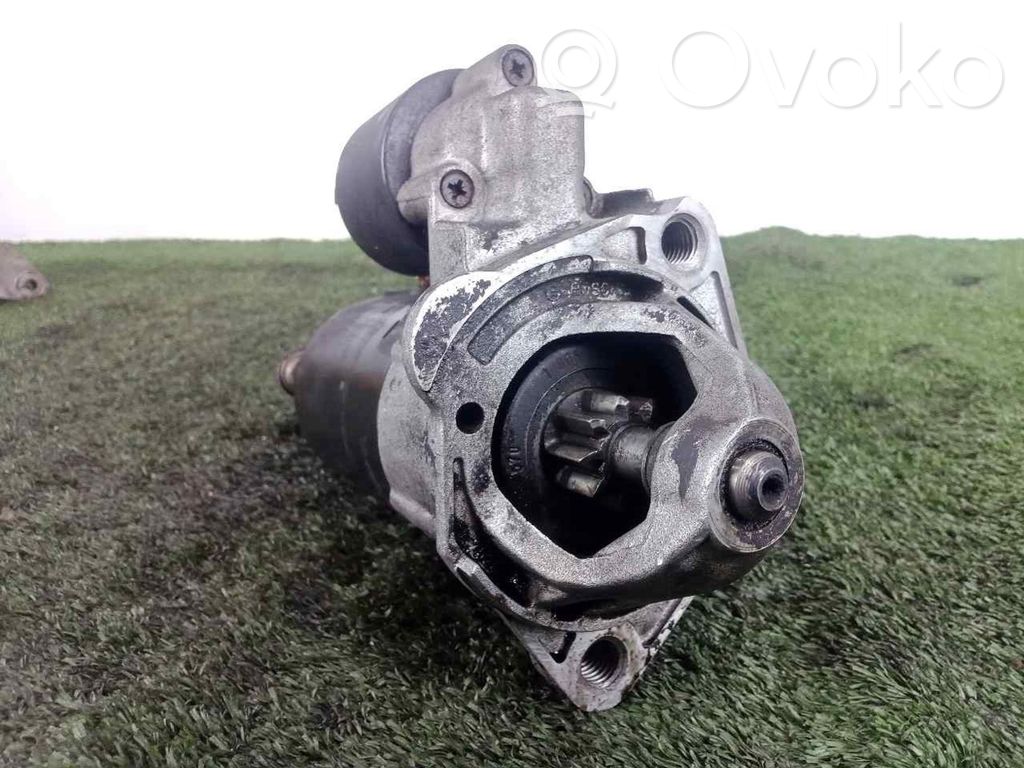 Starter motor   9DIENTES,BOSCH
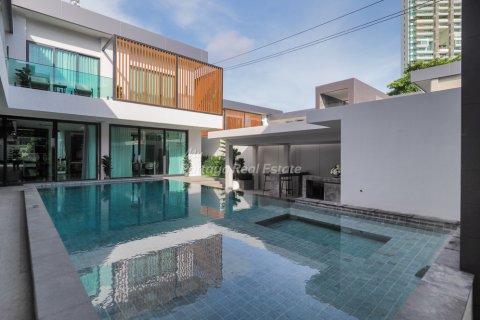 Casa de 6 dormitorios en Pattaya, Tailandia № 71783 - foto 6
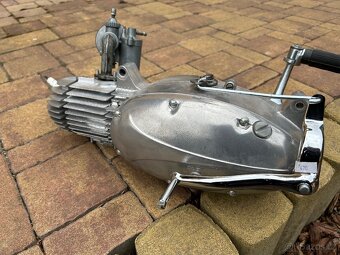 motor Jawa 550 - 8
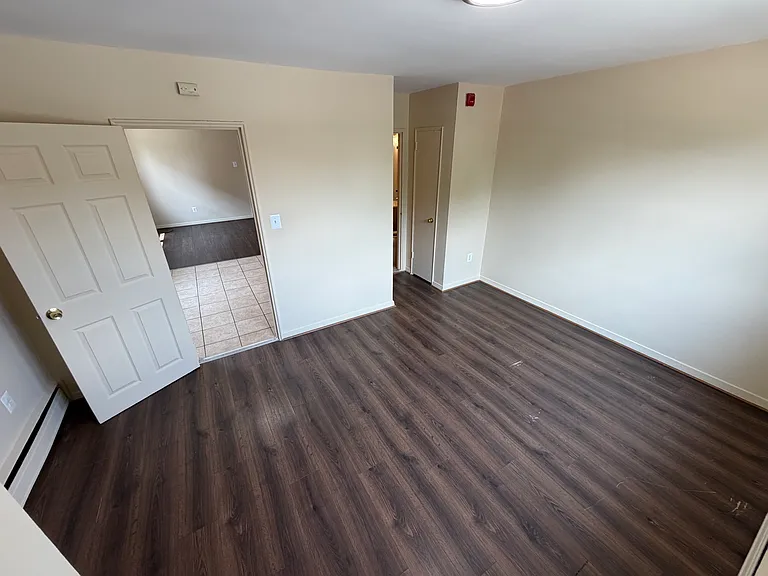 7908 Castor Ave — Photo 10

WHAT YOU ARE ASKED TO DO
Leaving out the pictures, restate the listing above exactly.

RESPONSE TO THE EXERCISE
 Starter motor   9DIENTES,BOSCH
 Casa de 6 dormitorios en Pattaya, Tailandia № 71783 - foto 6
 motor Jawa 550 - 8
 7908 Castor Ave — Photo 10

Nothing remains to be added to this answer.